I love Christmas stories. They are magical. Christmas is, after all, a magical time of the year: The time of the year when we do our best to put aside our differences in the name of goodwill towards all.
For the past two weeks, I have been watching Christmas movies on the Hallmark Channel. In the majority of these movies, one of the main characters at some point of the story says: “Christmas is about family.” I soak up these stories like a kid who still believes in Santa Claus.
When I speak of family, I am not referring to the nuclear family of father, mother, and children. I am referring to our extended family: our parents, siblings and their spouses, grandparents, uncles, aunts, cousins, nieces, and nephews.
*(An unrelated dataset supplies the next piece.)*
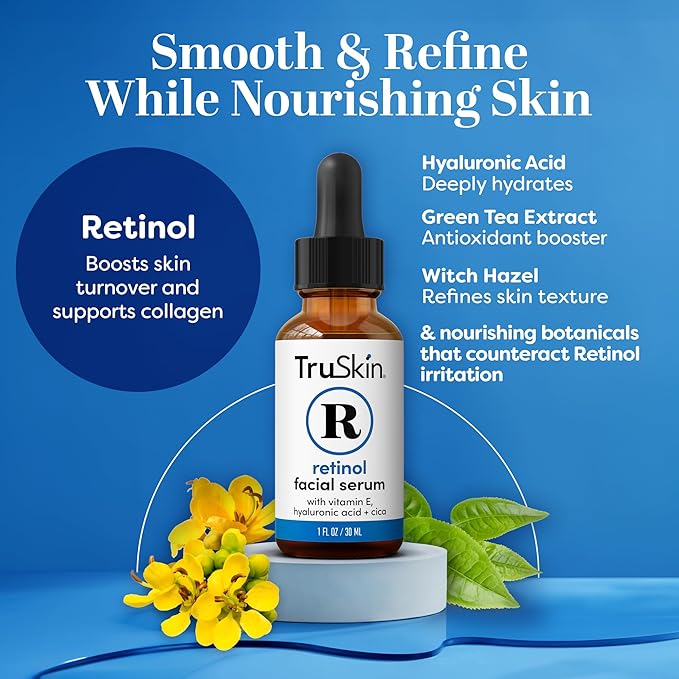 TruSkin Face Serum Duo – Vitamin C & Retinol Serum for Face – Anti-Aging Skin Care Gift Set for Women – Helps Improve Appearance of Fine Lines & Wrinkles for Smoother Looking Skin, 1 Fl Oz, 2 Bottles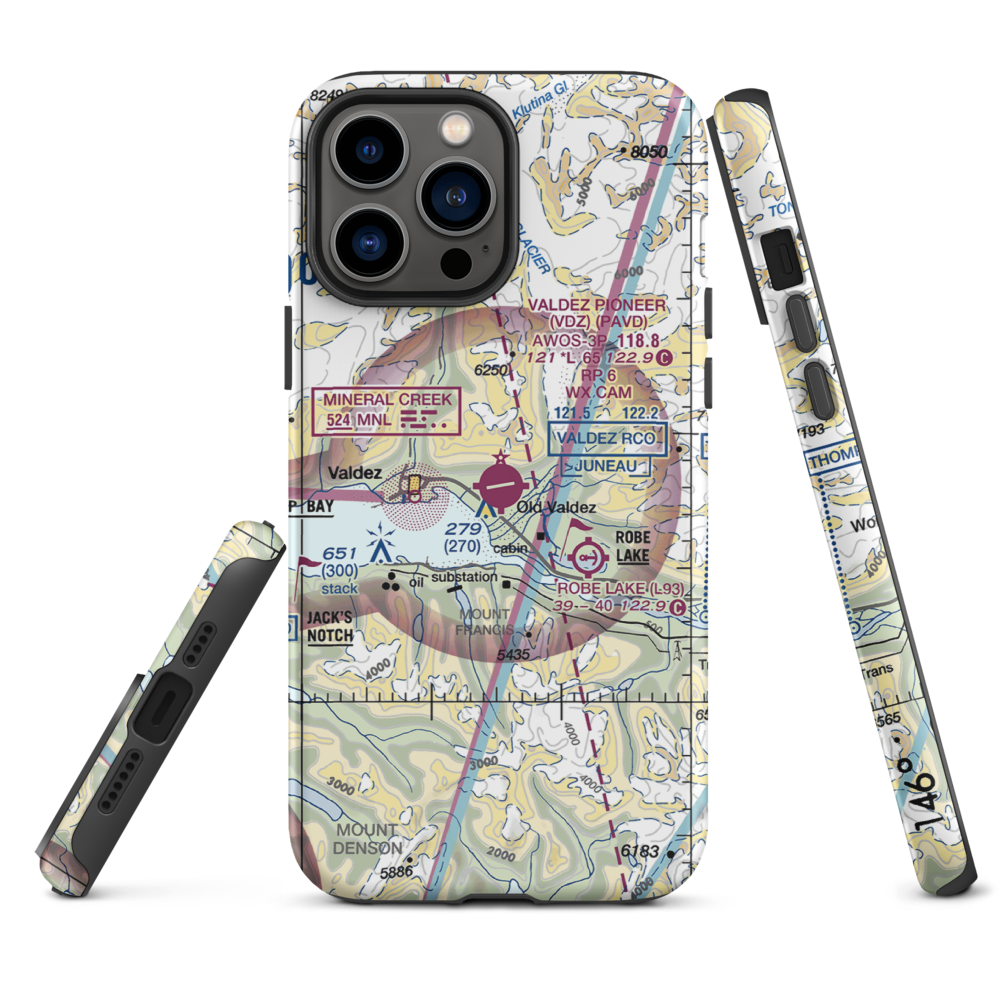 Valdez Pioneer Field (VDZ) VFR Sectional  Tough iPhone Case iPhone 13 Pro Max model shown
Over the years following Guyana’s independence in May 1966, thousands of Guyanese left our shores for other lands across the ocean. Among the first to leave in my family were my aunts, uncles, and cousins. (My paternal grandparents were deceased long before I was born; my maternal grandparents had migrated to the USA when my mother was a teenager, leaving her and two of her sisters behind in British Guiana.) Close neighbors, school friends, and later friends at work also joined the exodus. At the same time, one by one, my mother and siblings migrated to Canada and the USA, leaving me and my father behind.
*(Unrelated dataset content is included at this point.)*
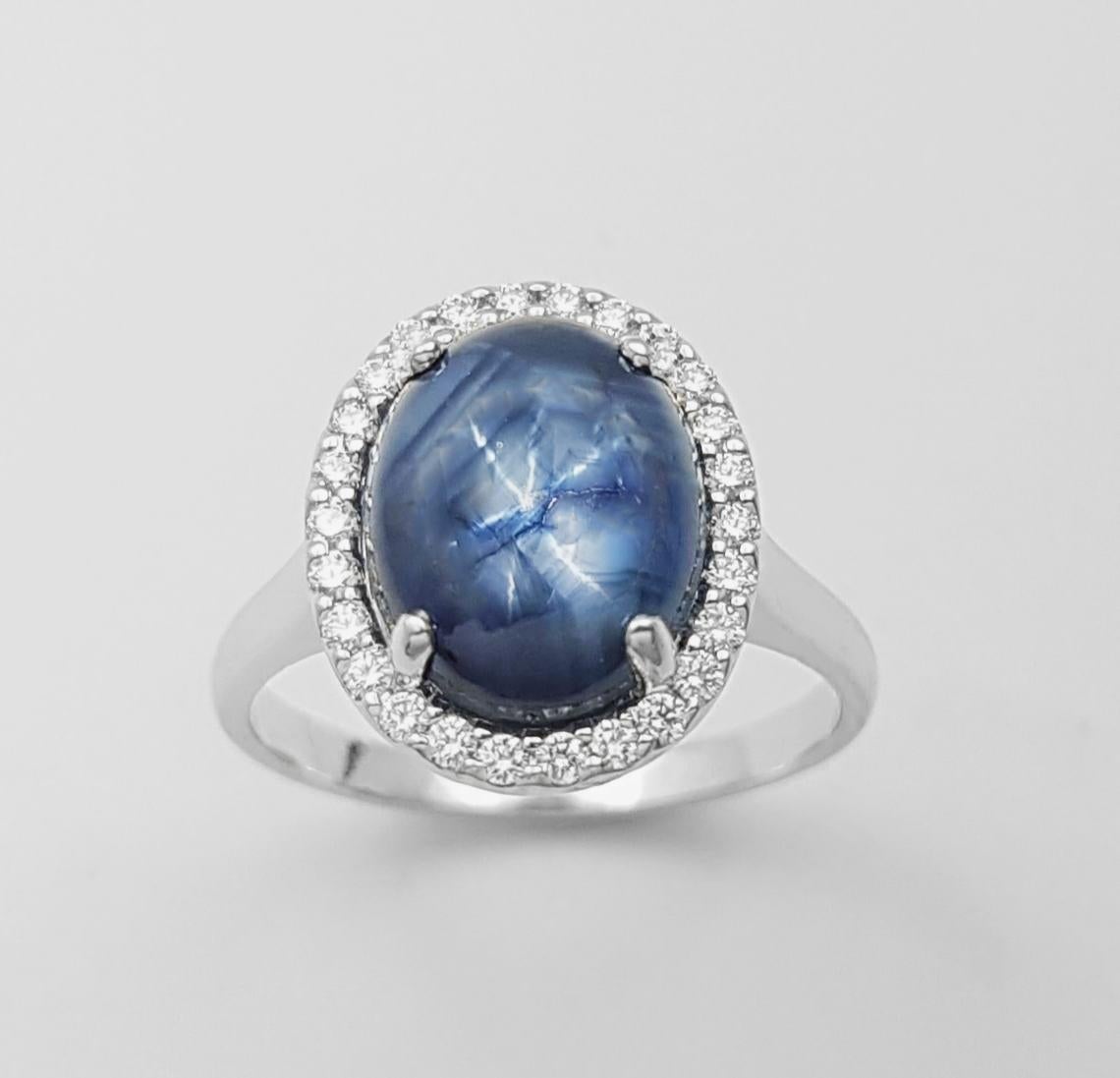 Blue Star Sapphire with Diamond Ring set in 18K White Gold Settings For Sale 5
Marriage gifted me with a new extended family. I did my best to fit in with my new family. When I migrated to Brazil with my husband and two sons, I lost my second family. In Brazil, it took four years and a fractured marriage for my neighbors and work colleagues to open their hearts and homes to me and my sons. For the next twelve years, after my husband left Brazil to return to Guyana, the calor humano brasileiro (Brazilian human warmth) sustained us.
My sons and I never had to spend Christmas Eve and Christmas Day alone. Together with the families that invited us to join their Christmas celebrations, we shared their family Christmas traditions. We shared with them the Guyanese traditional Christmas black cake: ground mixed dried fruits and nuts soaked in Rum for over a month; caramel gave it the black color.
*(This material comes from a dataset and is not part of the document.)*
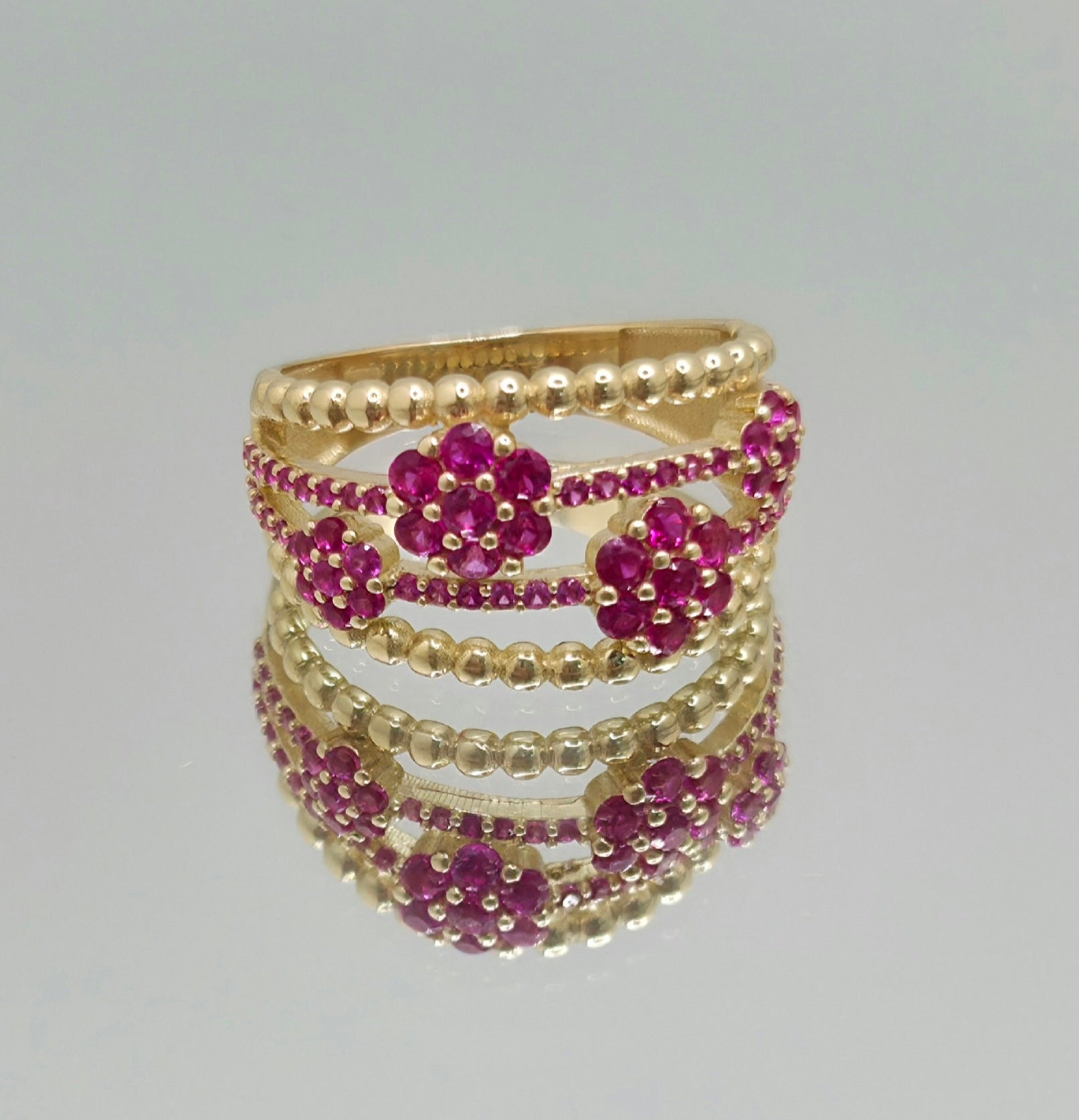 14KY PINK CZ SMALL FLOWERS RING Size 7 & 8 Weight 4.9GR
With time, family took on a new meaning for me. I learned to embrace as family all those individuals who became a part of our daily lives. Each relationship became more meaningful. When people left to pursue other paths, I learned to appreciate every moment spent with others. As often happens in life, some individuals were mere opportunists; others betrayed my trust. But, for the most part, I found people receptive, generous, and full of goodwill.
Christmas is about family. I celebrate being part of our universal family bound together on a tiny planet hurtling through space in an expanding Universe.